Tem por fim a igualação, na partilha, do descendente donatário com os demais descendentes do autor da herança (art. 2104º do C. Civil).
Dito isto.
XI) Estabelece o art. 2113.º do C. Civil (Dispensa da colação): “...1. A colação pode ser dispensada pelo doador no ato da doação ou posteriormente. 2. Se a doação tiver sido acompanhada de alguma formalidade externa, só pela mesma forma, ou por testamento, pode ser dispensada a colação. 3. A colação presume-se sempre dispensada nas doações manuais e nas doações remuneratórias...”.
Assim: XII) A dispensa da colação por ato do doador tem natureza negocial. Deve ser expressa. Se tácita, terá de ser concludente: expressamente, o doador não dispensa a colação.

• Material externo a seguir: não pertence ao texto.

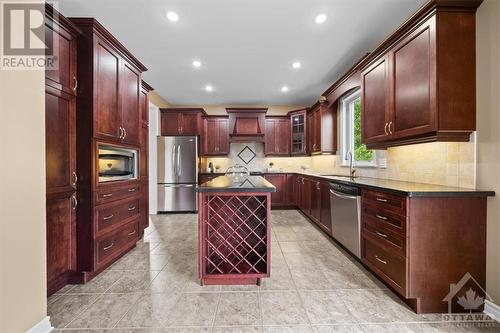 58 Queenston Drive, Ottawa, ON - Indoor Photo Showing Kitchen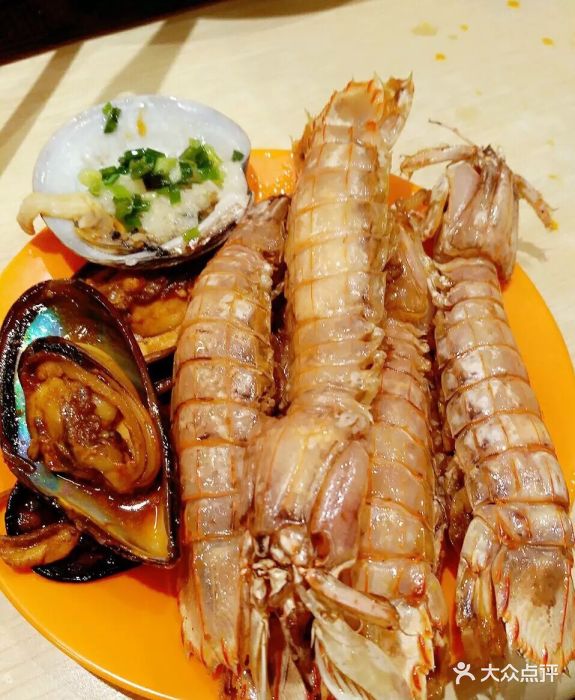凯旋门海鲜自助火锅-皮皮虾-菜-皮皮虾图片-无锡美食-大众点评网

XIII) Nada dizendo, ou sendo omissa qualquer referência, o que se presume é que não há dispensa da colação e que o doador não quis beneficiar os donatários senão pela antecipação do gozo e fruição do bem doado. Nessa situação funciona o regime supletivo previsto no art. 2108º do C. Civil. O beneficiário da doação fica obrigação a conferir.
XIV) Aqui vontade, a extrair do texto do documento, de acordo com as regras da interpretação do negócio jurídico (artigos 236 a 238º do C. Civil), não se presume.
XV) A colação, na sua dinâmica, corresponde, a uma operação intelectual de restituição fictícia dos bens doados, para efeito de cálculo e igualação da partilha, devendo ser conferidas todas as doações, como tal sendo havidas as despesas referidas nos artigos 2110º, nº1, 2111º e 2113º, nº, 3 do C. Civil.
XVI) No que concerne à determinação do valor dos «bens doados», é o que eles tiverem “...à data da doação...”, princípio que é a afloração da regra geral da relevância do momento da abertura da sucessão (art. 2109º, nº 2 do C. Civil).
XVII) Na situação sub iudicio resulta claro, que o inventariado doou, com dispensa expressa de colação, a quantia de € 74.820,00, à ora recorrente.
XVIII) Por evidente se conclui, operada a atinente subsunção legal, que tal quantia não deve ser relacionada.
XIX) Não devia o Tribunal a quo basear-se apenas nas regras da experiência comum, mas também nas concretas circunstâncias do caso, nomeadamente, e ao contrário do que é entendido pelo Tribunal recorrido, nenhuma semelhança existe entre as assinaturas apostas na Declaração, nos cheques, nos testamentos e no Bilhete de identidade.
XX) De uma simples observação óptica verifica-se as discrepâncias entre as variadas assinaturas dos documentos juntos aos autos.
XXI) Nas assinaturas efectuadas pelo punho do inventariado, no nome, verifica-se não coloca o rasgo final curvo e descendente da barra final da assinatura.
XXII) O rasgo final curvo e descendente da barra final da assinatura demonstra que tal assinatura não foi feita pelo inventariado, porquanto em nenhum dos documentos juntos aos autos se verifica o referido rasgo final curvo.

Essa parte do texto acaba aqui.